## About this task
Return all entries verbatim; skip any pictures.

----

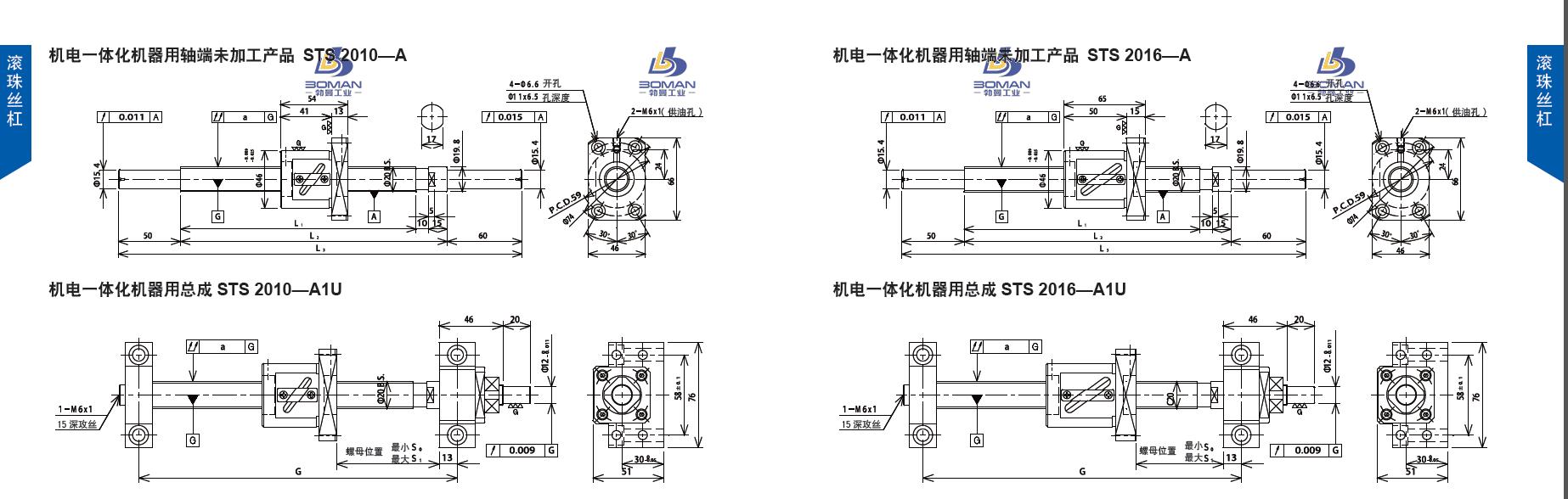 TSUBAKI STS2010-1024C5-A tsubaki滚珠丝杠样本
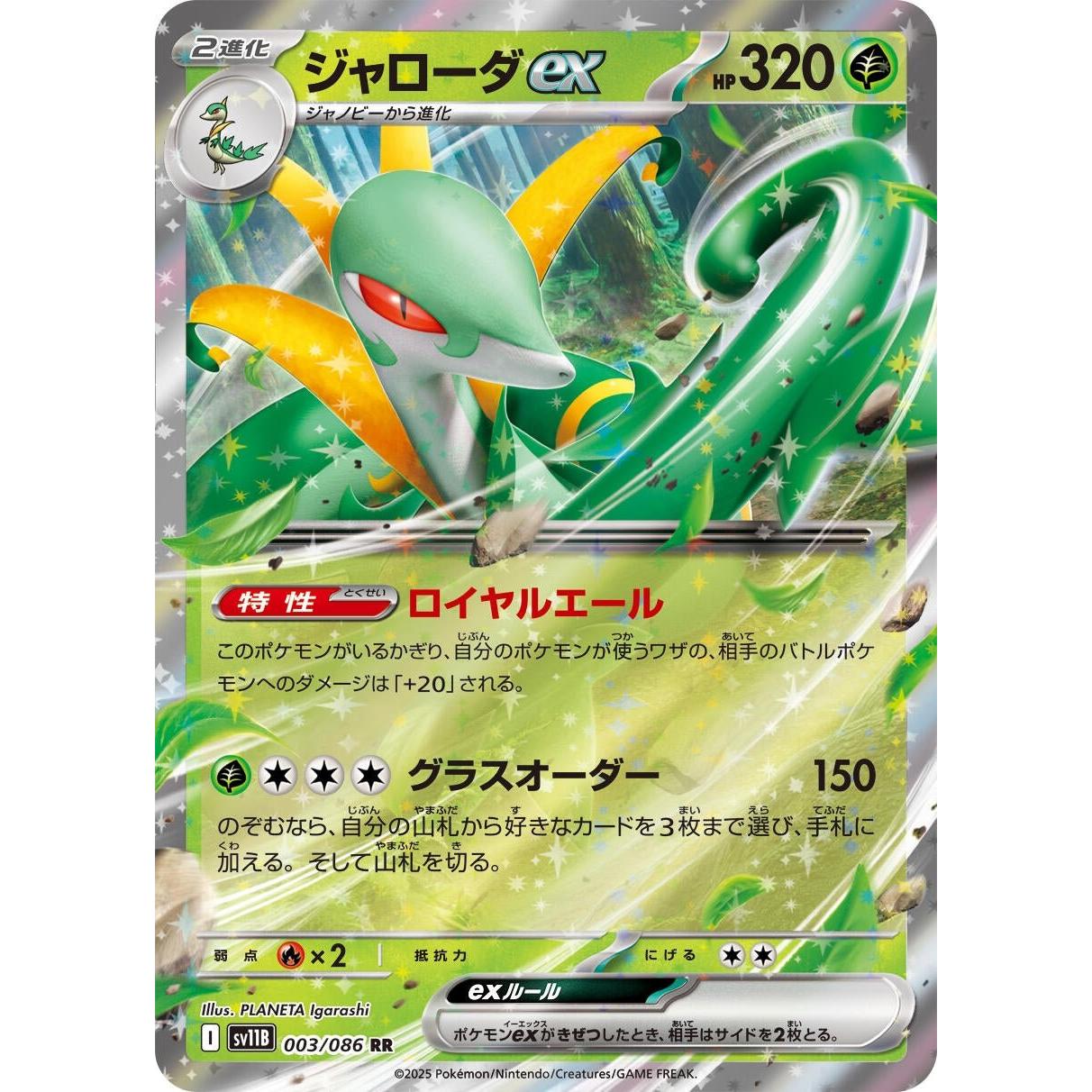 Pokemon Japan Serperior ex (003/086) (SV11B: Black Bolt) by LAB7 Malta, Europe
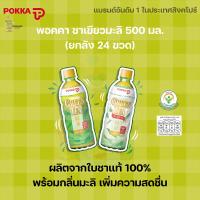 ราคา ยกลัง Pokka Green Tea Jasmine พอคคา เครื่องดื่มชาเขียวกลิ่นมะลิ 500 ml สินค้าขายดีที่ 1 ประเทศสิงคโปร พร้อมส่งจากไทย (21406024006)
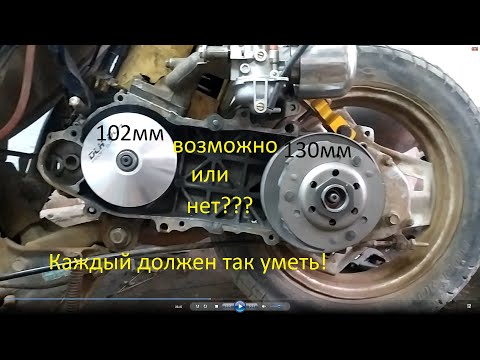 Видео: Тюнинг Honda Dio 27 вариатор 102мм шкивы 1300мм!!! Это фиаско!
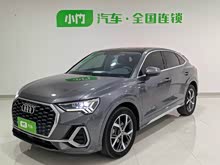 奧迪Q3 Sportback 2021款 40 TFSI 進(jìn)享人生版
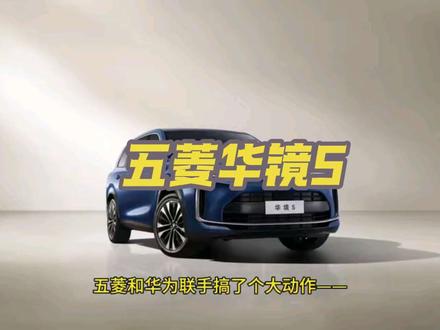 华境S是上汽通用五菱与华为深化战略合作打造的全新旗舰车型,将于4月7日全球首发。#华镜 #鸿蒙智行 #五菱 #抖音汽车 #都是好车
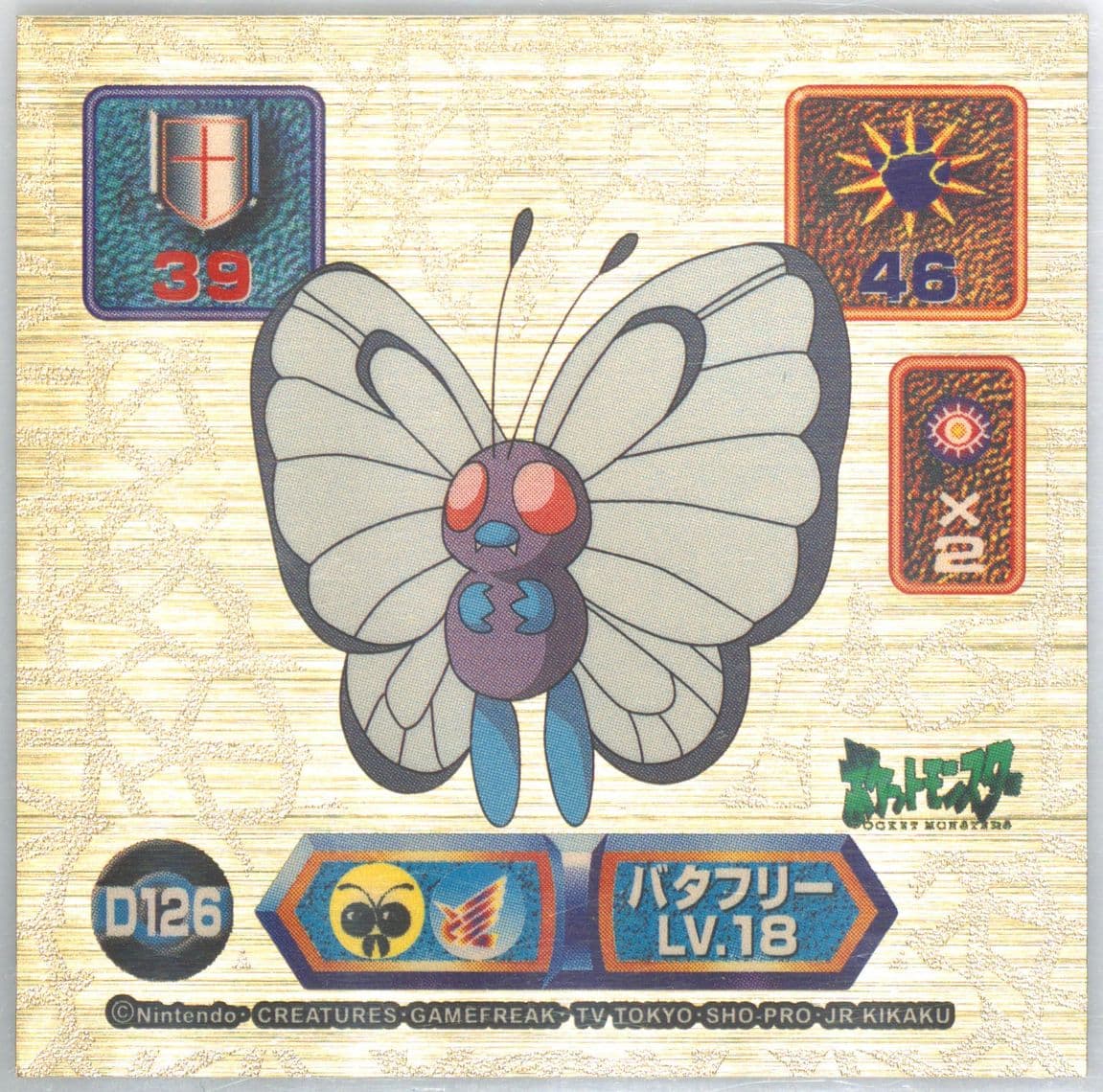 Butterfree (D126) 1999 Amada Pokemon Japanese Super DX Gold Stickers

----

## Exercise result
 TSUBAKI STS2010-1024C5-A tsubaki滚珠丝杠样本
 Pokemon Japan Serperior ex (003/086) (SV11B: Black Bolt) by LAB7 Malta, Europe
 ราคา ยกลัง Pokka Green Tea Jasmine พอคคา เครื่องดื่มชาเขียวกลิ่นมะลิ 500 ml สินค้าขายดีที่ 1 ประเทศสิงคโปร พร้อมส่งจากไทย (21406024006)
 Видео: Тюнинг Honda Dio 27 вариатор 102мм шкивы 1300мм!!! Это фиаско!
 奧迪Q3 Sportback 2021款 40 TFSI 進(jìn)享人生版
 华境S是上汽通用五菱与华为深化战略合作打造的全新旗舰车型,将于4月7日全球首发。#华镜 #鸿蒙智行 #五菱 #抖音汽车 #都是好车
 Butterfree (D126) 1999 Amada Pokemon Japanese Super DX Gold Stickers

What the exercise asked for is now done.